■ Data:
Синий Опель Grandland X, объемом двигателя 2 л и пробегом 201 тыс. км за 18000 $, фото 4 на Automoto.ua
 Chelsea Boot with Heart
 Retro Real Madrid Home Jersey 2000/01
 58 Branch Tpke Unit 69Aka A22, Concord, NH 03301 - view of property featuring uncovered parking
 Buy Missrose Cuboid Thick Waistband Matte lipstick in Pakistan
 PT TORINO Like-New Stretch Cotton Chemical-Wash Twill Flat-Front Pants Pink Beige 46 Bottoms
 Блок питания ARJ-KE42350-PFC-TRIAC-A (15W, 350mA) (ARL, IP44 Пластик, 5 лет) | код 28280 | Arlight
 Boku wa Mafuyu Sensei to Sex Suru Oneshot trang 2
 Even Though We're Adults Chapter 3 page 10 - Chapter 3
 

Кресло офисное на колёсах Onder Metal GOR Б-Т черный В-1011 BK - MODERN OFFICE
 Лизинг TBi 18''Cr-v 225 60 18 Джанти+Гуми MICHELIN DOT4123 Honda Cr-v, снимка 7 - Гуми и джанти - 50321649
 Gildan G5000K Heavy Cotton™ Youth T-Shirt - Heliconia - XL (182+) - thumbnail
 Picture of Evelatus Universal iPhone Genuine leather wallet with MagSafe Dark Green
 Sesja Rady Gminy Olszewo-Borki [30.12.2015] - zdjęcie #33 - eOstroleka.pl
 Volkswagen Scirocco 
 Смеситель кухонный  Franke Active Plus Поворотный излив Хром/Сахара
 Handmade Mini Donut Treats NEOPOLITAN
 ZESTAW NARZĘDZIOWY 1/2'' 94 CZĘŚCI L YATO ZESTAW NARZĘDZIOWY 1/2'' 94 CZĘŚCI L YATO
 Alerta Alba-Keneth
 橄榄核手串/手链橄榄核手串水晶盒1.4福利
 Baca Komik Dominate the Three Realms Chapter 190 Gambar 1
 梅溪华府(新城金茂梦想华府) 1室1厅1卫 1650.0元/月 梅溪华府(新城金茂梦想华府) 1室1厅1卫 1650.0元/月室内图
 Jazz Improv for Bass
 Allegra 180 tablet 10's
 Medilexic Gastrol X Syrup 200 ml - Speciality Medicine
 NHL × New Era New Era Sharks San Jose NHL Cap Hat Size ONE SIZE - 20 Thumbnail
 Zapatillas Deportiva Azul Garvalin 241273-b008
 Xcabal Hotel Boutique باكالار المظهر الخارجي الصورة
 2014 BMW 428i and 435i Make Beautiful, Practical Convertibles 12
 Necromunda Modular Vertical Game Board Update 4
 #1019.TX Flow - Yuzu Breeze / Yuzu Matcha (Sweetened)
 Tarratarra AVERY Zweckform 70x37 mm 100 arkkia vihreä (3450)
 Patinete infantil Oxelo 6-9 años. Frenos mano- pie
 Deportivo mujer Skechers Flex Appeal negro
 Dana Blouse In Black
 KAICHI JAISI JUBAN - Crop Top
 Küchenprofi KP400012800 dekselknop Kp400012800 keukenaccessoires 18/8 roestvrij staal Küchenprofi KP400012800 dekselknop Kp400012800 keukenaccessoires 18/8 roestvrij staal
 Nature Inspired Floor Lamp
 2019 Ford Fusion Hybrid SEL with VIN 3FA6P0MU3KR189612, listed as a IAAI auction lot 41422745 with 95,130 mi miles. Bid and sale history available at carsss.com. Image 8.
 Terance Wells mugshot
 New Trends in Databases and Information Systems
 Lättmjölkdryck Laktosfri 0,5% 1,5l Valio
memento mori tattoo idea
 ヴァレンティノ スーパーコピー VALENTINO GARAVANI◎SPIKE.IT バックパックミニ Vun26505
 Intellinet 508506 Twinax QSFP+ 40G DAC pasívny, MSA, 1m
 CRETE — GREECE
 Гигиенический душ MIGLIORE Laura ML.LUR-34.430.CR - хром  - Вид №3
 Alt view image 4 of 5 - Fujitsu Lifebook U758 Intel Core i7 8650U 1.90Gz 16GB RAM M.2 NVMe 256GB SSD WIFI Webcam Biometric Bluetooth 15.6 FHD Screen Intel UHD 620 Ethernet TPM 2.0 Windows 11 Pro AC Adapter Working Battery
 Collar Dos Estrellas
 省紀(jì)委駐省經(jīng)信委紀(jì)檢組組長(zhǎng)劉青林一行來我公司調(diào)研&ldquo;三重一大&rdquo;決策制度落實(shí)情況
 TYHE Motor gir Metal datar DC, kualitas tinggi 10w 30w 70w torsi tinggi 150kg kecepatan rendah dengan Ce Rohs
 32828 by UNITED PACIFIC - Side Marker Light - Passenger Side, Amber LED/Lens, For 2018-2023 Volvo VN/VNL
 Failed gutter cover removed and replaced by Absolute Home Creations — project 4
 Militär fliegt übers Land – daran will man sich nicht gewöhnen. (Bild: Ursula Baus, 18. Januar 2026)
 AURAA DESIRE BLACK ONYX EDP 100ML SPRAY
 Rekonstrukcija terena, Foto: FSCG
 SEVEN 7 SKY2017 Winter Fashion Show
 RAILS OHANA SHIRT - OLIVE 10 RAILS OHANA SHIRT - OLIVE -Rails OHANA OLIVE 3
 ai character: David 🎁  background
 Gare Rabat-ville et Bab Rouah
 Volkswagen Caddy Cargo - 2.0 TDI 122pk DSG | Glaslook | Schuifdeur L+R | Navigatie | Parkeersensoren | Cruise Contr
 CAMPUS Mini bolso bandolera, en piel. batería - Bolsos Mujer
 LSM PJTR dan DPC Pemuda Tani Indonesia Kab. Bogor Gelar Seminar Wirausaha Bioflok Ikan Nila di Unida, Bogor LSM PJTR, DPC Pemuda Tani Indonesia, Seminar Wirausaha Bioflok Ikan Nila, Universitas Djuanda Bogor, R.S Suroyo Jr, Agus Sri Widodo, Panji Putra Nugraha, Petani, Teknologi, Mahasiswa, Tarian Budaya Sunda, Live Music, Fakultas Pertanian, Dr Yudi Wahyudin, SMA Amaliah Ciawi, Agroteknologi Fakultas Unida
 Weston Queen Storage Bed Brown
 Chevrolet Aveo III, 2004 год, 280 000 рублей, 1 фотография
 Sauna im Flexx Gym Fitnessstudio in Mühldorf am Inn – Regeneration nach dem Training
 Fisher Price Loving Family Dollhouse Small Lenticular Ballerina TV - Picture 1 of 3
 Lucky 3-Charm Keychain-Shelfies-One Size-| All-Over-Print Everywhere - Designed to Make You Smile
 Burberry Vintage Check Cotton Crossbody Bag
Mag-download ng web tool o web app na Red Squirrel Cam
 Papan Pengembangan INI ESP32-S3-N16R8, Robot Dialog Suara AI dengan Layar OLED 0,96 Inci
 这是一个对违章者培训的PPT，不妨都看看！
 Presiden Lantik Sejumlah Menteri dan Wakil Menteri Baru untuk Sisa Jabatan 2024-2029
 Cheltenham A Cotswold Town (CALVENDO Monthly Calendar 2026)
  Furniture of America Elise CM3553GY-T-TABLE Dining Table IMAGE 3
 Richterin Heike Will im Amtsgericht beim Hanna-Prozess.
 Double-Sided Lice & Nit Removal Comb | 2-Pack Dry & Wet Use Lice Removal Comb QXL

■ Exercise directions:
All of the data above needs to be transcribed verbatim.

■ Reply to the exercise:
Синий Опель Grandland X, объемом двигателя 2 л и пробегом 201 тыс. км за 18000 $, фото 4 на Automoto.ua
 Chelsea Boot with Heart
 Retro Real Madrid Home Jersey 2000/01
 58 Branch Tpke Unit 69Aka A22, Concord, NH 03301 - view of property featuring uncovered parking
 Buy Missrose Cuboid Thick Waistband Matte lipstick in Pakistan
 PT TORINO Like-New Stretch Cotton Chemical-Wash Twill Flat-Front Pants Pink Beige 46 Bottoms
 Блок питания ARJ-KE42350-PFC-TRIAC-A (15W, 350mA) (ARL, IP44 Пластик, 5 лет) | код 28280 | Arlight
 Boku wa Mafuyu Sensei to Sex Suru Oneshot trang 2
 Even Though We're Adults Chapter 3 page 10 - Chapter 3
 

Кресло офисное на колёсах Onder Metal GOR Б-Т черный В-1011 BK - MODERN OFFICE
 Лизинг TBi 18''Cr-v 225 60 18 Джанти+Гуми MICHELIN DOT4123 Honda Cr-v, снимка 7 - Гуми и джанти - 50321649
 Gildan G5000K Heavy Cotton™ Youth T-Shirt - Heliconia - XL (182+) - thumbnail
 Picture of Evelatus Universal iPhone Genuine leather wallet with MagSafe Dark Green
 Sesja Rady Gminy Olszewo-Borki [30.12.2015] - zdjęcie #33 - eOstroleka.pl
 Volkswagen Scirocco 
 Смеситель кухонный  Franke Active Plus Поворотный излив Хром/Сахара
 Handmade Mini Donut Treats NEOPOLITAN
 ZESTAW NARZĘDZIOWY 1/2'' 94 CZĘŚCI L YATO ZESTAW NARZĘDZIOWY 1/2'' 94 CZĘŚCI L YATO
 Alerta Alba-Keneth
 橄榄核手串/手链橄榄核手串水晶盒1.4福利
 Baca Komik Dominate the Three Realms Chapter 190 Gambar 1
 梅溪华府(新城金茂梦想华府) 1室1厅1卫 1650.0元/月 梅溪华府(新城金茂梦想华府) 1室1厅1卫 1650.0元/月室内图
 Jazz Improv for Bass
 Allegra 180 tablet 10's
 Medilexic Gastrol X Syrup 200 ml - Speciality Medicine
 NHL × New Era New Era Sharks San Jose NHL Cap Hat Size ONE SIZE - 20 Thumbnail
 Zapatillas Deportiva Azul Garvalin 241273-b008
 Xcabal Hotel Boutique باكالار المظهر الخارجي الصورة
 2014 BMW 428i and 435i Make Beautiful, Practical Convertibles 12
 Necromunda Modular Vertical Game Board Update 4
 #1019.TX Flow - Yuzu Breeze / Yuzu Matcha (Sweetened)
 Tarratarra AVERY Zweckform 70x37 mm 100 arkkia vihreä (3450)
 Patinete infantil Oxelo 6-9 años. Frenos mano- pie
 Deportivo mujer Skechers Flex Appeal negro
 Dana Blouse In Black
 KAICHI JAISI JUBAN - Crop Top
 Küchenprofi KP400012800 dekselknop Kp400012800 keukenaccessoires 18/8 roestvrij staal Küchenprofi KP400012800 dekselknop Kp400012800 keukenaccessoires 18/8 roestvrij staal
 Nature Inspired Floor Lamp
 2019 Ford Fusion Hybrid SEL with VIN 3FA6P0MU3KR189612, listed as a IAAI auction lot 41422745 with 95,130 mi miles. Bid and sale history available at carsss.com. Image 8.
 Terance Wells mugshot
 New Trends in Databases and Information Systems
 Lättmjölkdryck Laktosfri 0,5% 1,5l Valio
memento mori tattoo idea
 ヴァレンティノ スーパーコピー VALENTINO GARAVANI◎SPIKE.IT バックパックミニ Vun26505
 Intellinet 508506 Twinax QSFP+ 40G DAC pasívny, MSA, 1m
 CRETE — GREECE
 Гигиенический душ MIGLIORE Laura ML.LUR-34.430.CR - хром  - Вид №3
 Alt view image 4 of 5 - Fujitsu Lifebook U758 Intel Core i7 8650U 1.90Gz 16GB RAM M.2 NVMe 256GB SSD WIFI Webcam Biometric Bluetooth 15.6 FHD Screen Intel UHD 620 Ethernet TPM 2.0 Windows 11 Pro AC Adapter Working Battery
 Collar Dos Estrellas
 省紀(jì)委駐省經(jīng)信委紀(jì)檢組組長(zhǎng)劉青林一行來我公司調(diào)研&ldquo;三重一大&rdquo;決策制度落實(shí)情況
 TYHE Motor gir Metal datar DC, kualitas tinggi 10w 30w 70w torsi tinggi 150kg kecepatan rendah dengan Ce Rohs
 32828 by UNITED PACIFIC - Side Marker Light - Passenger Side, Amber LED/Lens, For 2018-2023 Volvo VN/VNL
 Failed gutter cover removed and replaced by Absolute Home Creations — project 4
 Militär fliegt übers Land – daran will man sich nicht gewöhnen. (Bild: Ursula Baus, 18. Januar 2026)
 AURAA DESIRE BLACK ONYX EDP 100ML SPRAY
 Rekonstrukcija terena, Foto: FSCG
 SEVEN 7 SKY2017 Winter Fashion Show
 RAILS OHANA SHIRT - OLIVE 10 RAILS OHANA SHIRT - OLIVE -Rails OHANA OLIVE 3
 ai character: David 🎁  background
 Gare Rabat-ville et Bab Rouah
 Volkswagen Caddy Cargo - 2.0 TDI 122pk DSG | Glaslook | Schuifdeur L+R | Navigatie | Parkeersensoren | Cruise Contr
 CAMPUS Mini bolso bandolera, en piel. batería - Bolsos Mujer
 LSM PJTR dan DPC Pemuda Tani Indonesia Kab. Bogor Gelar Seminar Wirausaha Bioflok Ikan Nila di Unida, Bogor LSM PJTR, DPC Pemuda Tani Indonesia, Seminar Wirausaha Bioflok Ikan Nila, Universitas Djuanda Bogor, R.S Suroyo Jr, Agus Sri Widodo, Panji Putra Nugraha, Petani, Teknologi, Mahasiswa, Tarian Budaya Sunda, Live Music, Fakultas Pertanian, Dr Yudi Wahyudin, SMA Amaliah Ciawi, Agroteknologi Fakultas Unida
 Weston Queen Storage Bed Brown
 Chevrolet Aveo III, 2004 год, 280 000 рублей, 1 фотография
 Sauna im Flexx Gym Fitnessstudio in Mühldorf am Inn – Regeneration nach dem Training
 Fisher Price Loving Family Dollhouse Small Lenticular Ballerina TV - Picture 1 of 3
 Lucky 3-Charm Keychain-Shelfies-One Size-| All-Over-Print Everywhere - Designed to Make You Smile
 Burberry Vintage Check Cotton Crossbody Bag
Mag-download ng web tool o web app na Red Squirrel Cam
 Papan Pengembangan INI ESP32-S3-N16R8, Robot Dialog Suara AI dengan Layar OLED 0,96 Inci
 这是一个对违章者培训的PPT，不妨都看看！
 Presiden Lantik Sejumlah Menteri dan Wakil Menteri Baru untuk Sisa Jabatan 2024-2029
 Cheltenham A Cotswold Town (CALVENDO Monthly Calendar 2026)
  Furniture of America Elise CM3553GY-T-TABLE Dining Table IMAGE 3
 Richterin Heike Will im Amtsgericht beim Hanna-Prozess.
 Double-Sided Lice & Nit Removal Comb | 2-Pack Dry & Wet Use Lice Removal Comb QXL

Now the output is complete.